Sorry, but Cyclists make Poor Law

They are so vexing.
Cyclists, I mean. Not all of them. Just enough of them to make a nuisance of themselves.

Do not mistake me. I don't mind cycles at all. I have one myself, still in good order after all these years. It doesn't get enough use. Do you know, I may even take it out for a spin next year and do the 18 mile version of the great Nottingham bike ride.

I have ridden cycles ever since I was a small child, and when I was 11 years old, on my splendid new electric blue Trent Tourist with all of three Sturmey Archer gears, I won my age group of the first Notts. schools cycling proficiency competition. Still got the pennant and certificate somewhere.

Ah, but that was in the days when cyclists were expected to keep the highway laws like everyone else. I wonder whose bright idea it was to tell them they don't need to bother any more? The rules are there for everyone's safety. How on earth can it enhance our common welfare if we tell one group they don't need to bother any more? The same principle and woolly reasoning, applied to theft, would upset rather a lot of folk, I dare guess. It makes no more sense applied to cyclists.

Tell me, if you can, what sense it makes to tell cyclists that instead of waiting their turn at Traffic lights, they may either,

(a) simply ignore them and run the serious risk of colliding with a vehicle legally - legally, mark you - crossing their path - creating terrible unpleasantness, and giving the innocent driver they run across not merely the misery of police proceedings and the courts, a lifetime of misery, because s/he has been involved in an accident where a person was killed or seriously hurt.

Or (b) weave around all the vehicles waiting at the lights, and balance, wobbling, right under the wheels of the ones waiting to start off.

How does this improve our common safety or increase the sum of human happiness? Yet it is what cyclists do, daily, in our villages and towns and cities, to the hazard of everyone else, motorist and pedestrian alike. Yes, pedestrian. The other day I stopped at a Zebra to let some folk cross, only to be astonished as a cylist whizzed by on my left, and hurtled over the crossing, only narrowly missing the folk I had paused to allow over.

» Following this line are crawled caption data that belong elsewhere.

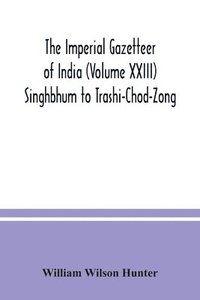 bokomslag The Imperial gazetteer of India (Volume XXIII) Singhbhum to Trashi-Chod-Zong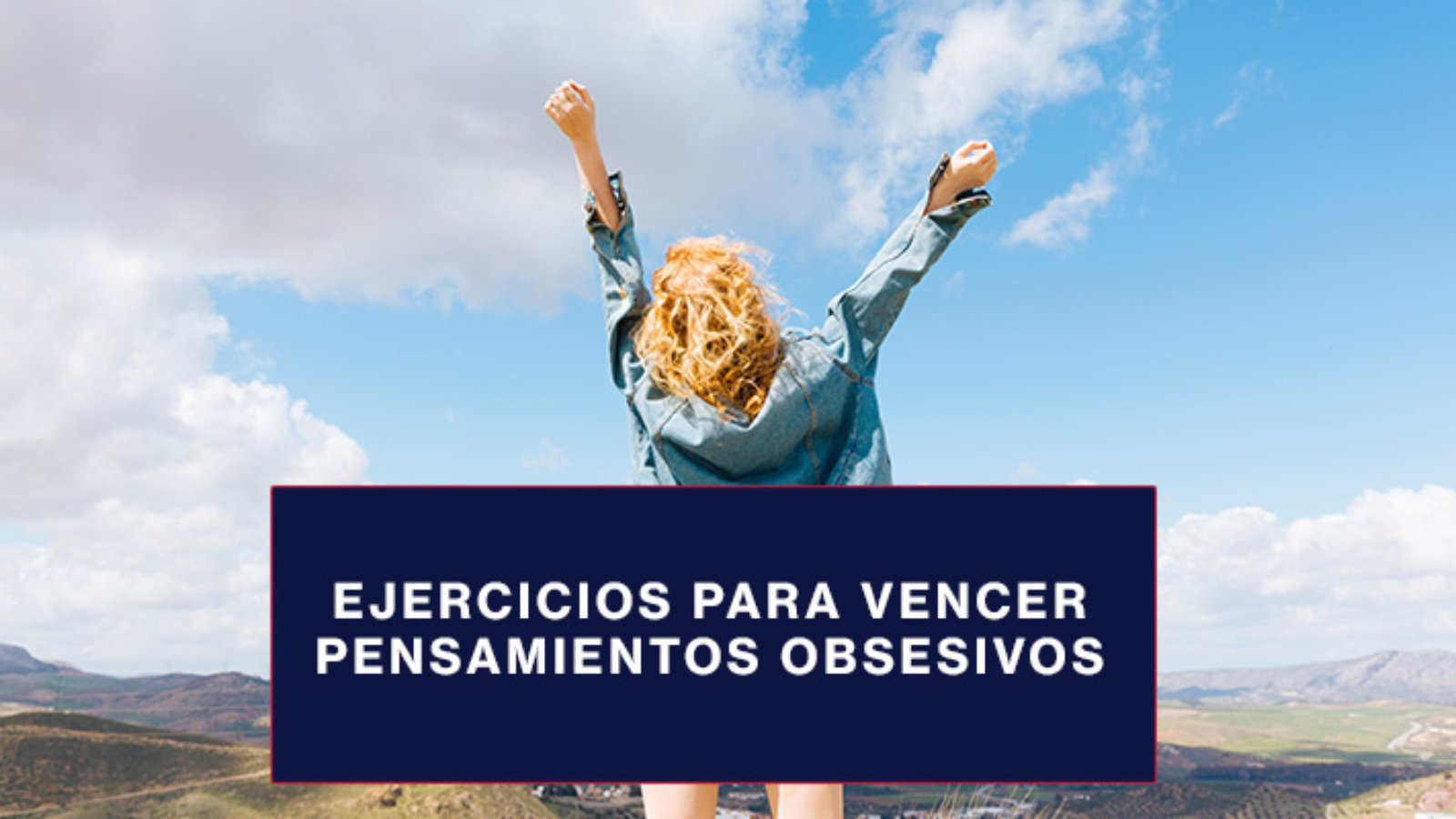 Ejercicios para vencer pensamientos obsesivos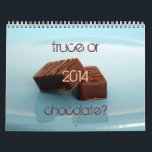 truce or chocolate? calendar<br><div class="desc">This  customisable 2014 calendar is a must for any and all chocoholic/ chocolate lover.</div>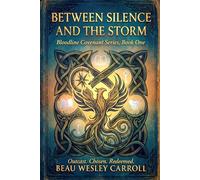 Between Silence and the Storm: Bloodline Convenant, Book One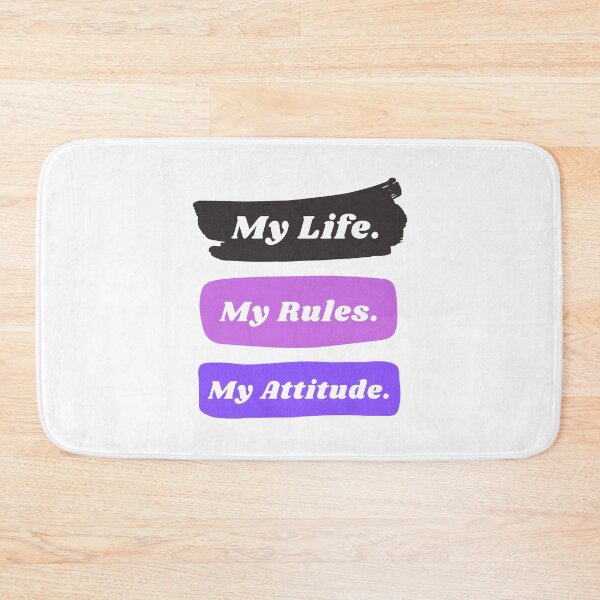 Item preview, My life my rules my attitude designed and sold by TopStyles.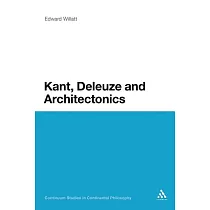 Kant， Deleuze and Architectonics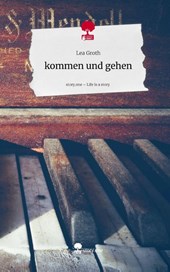 kommen und gehen. Life is a Story - story.one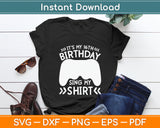 It’s My 16Th Birthday Sing My Shirt Svg Digital Cutting File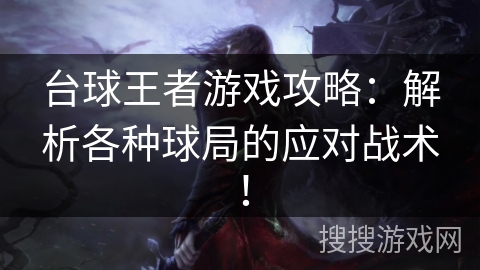 台球王者游戏攻略：解析各种球局的应对战术！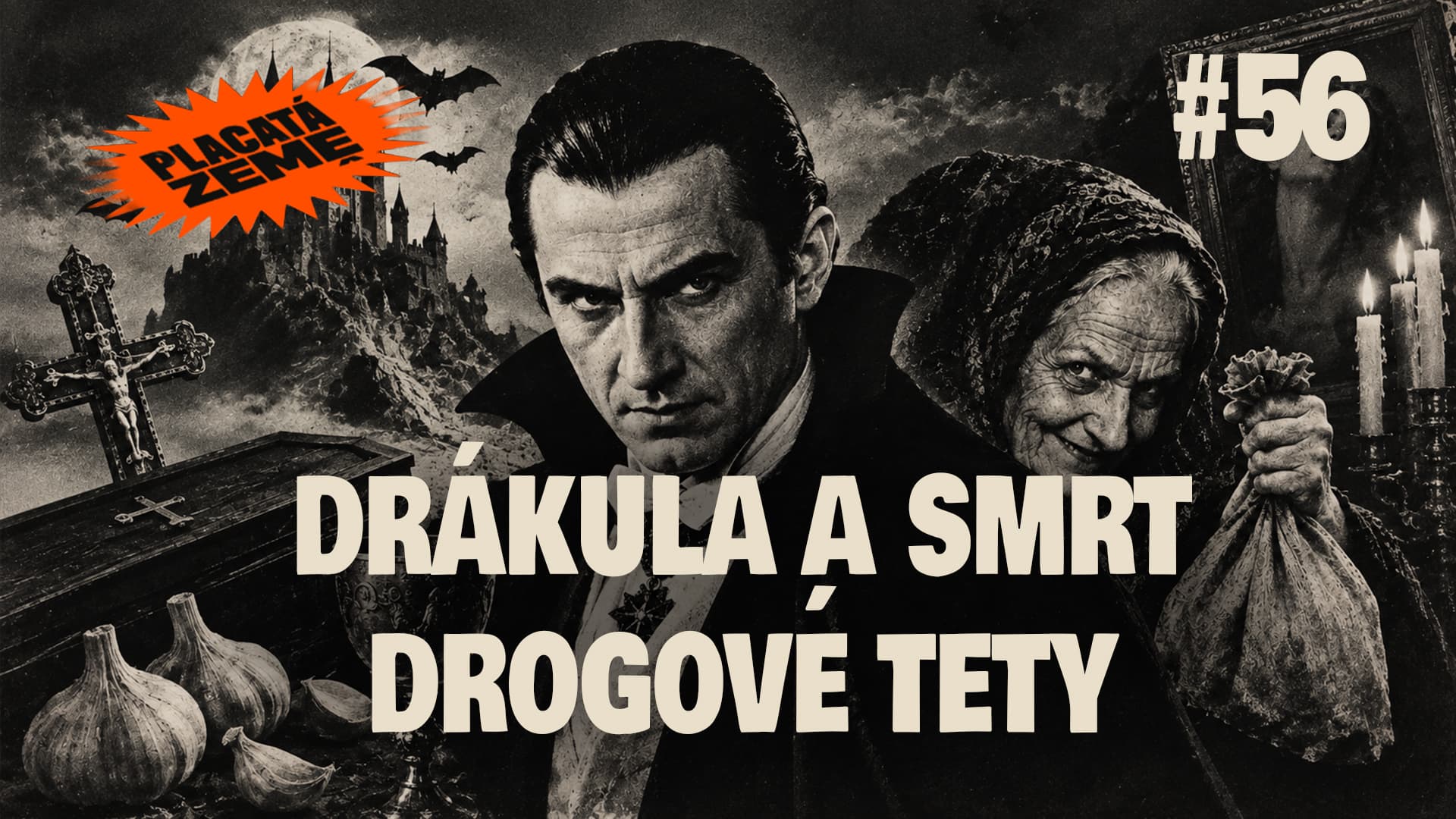 Pravda o Draculovi a krutá smrt drogové tety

Frankly, the man who thought it up, deserves to be soundly whipped and put in the stocks where the public might let him know what most of us think, but which few, in these days of political correctness (or is that political cowardice?), dare to say for fear of being demonised.

In truth, I should very much like to see cyclists treated fairly.

Like the rest of us who use the roads, that is. I should like to see them have MOTs and insurance. I should like them to have to tax their machines, and get speeding fines. I should like to see their cycles removed when they cause obstructions, and have them prosecuted when they travel on the Queen's Highway without proper lights (and not those flashing LED things, which so far as I know are still illegal unless they are used at the same time as non-flashing cycle lights.

I know we all want to encourage folk to use cycles more. But please, let us encourage them to do it responsibly. If that was right to expect when I was a child, it is hard to see why it should no longer matter now. It is bad law. As I say, if today it is cyclists who can invent their own rules, who will be doing it tomorrow?